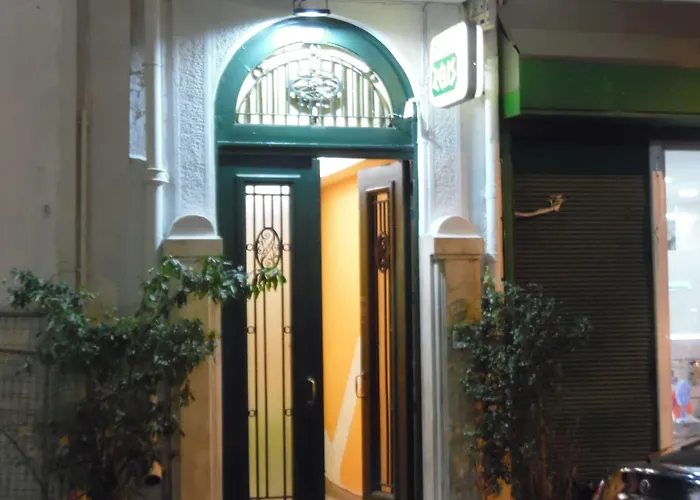 Zeus Hostel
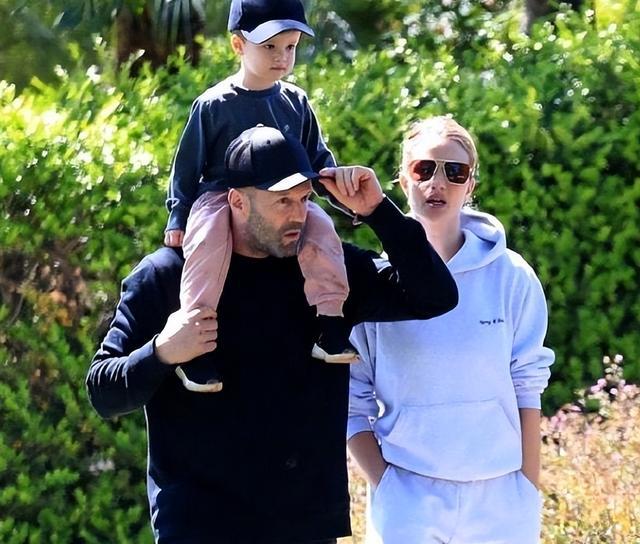 杰森·斯坦森|杰森斯坦森现身温网，小19岁娇妻正式亮相，臀腰比例不输卡戴珊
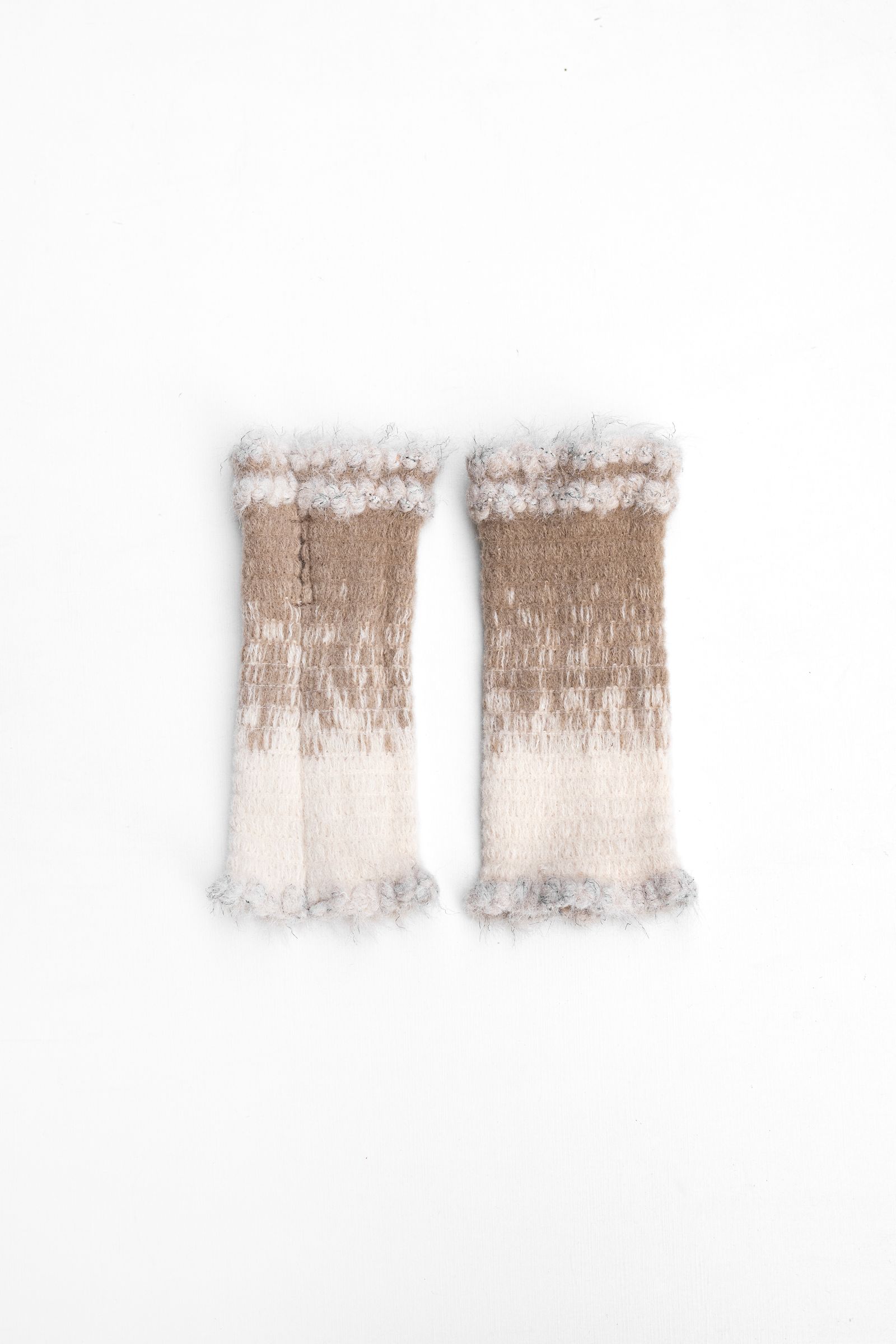 Needle punched gloves / ivo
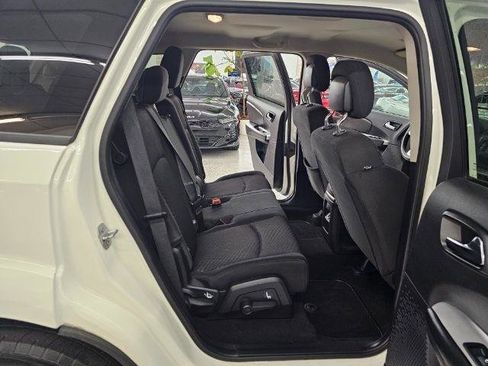Used 2018 Dodge Journey SE w/ Connectivity Group FWD image 32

····················

> Try it: Please print all the data above word for word. Pictures should not appear in the copy.

> Reply to the task:
 Zeus Hostel
 杰森·斯坦森|杰森斯坦森现身温网，小19岁娇妻正式亮相，臀腰比例不输卡戴珊
 Needle punched gloves / ivo
Used 2018 Dodge Journey SE w/ Connectivity Group FWD image 32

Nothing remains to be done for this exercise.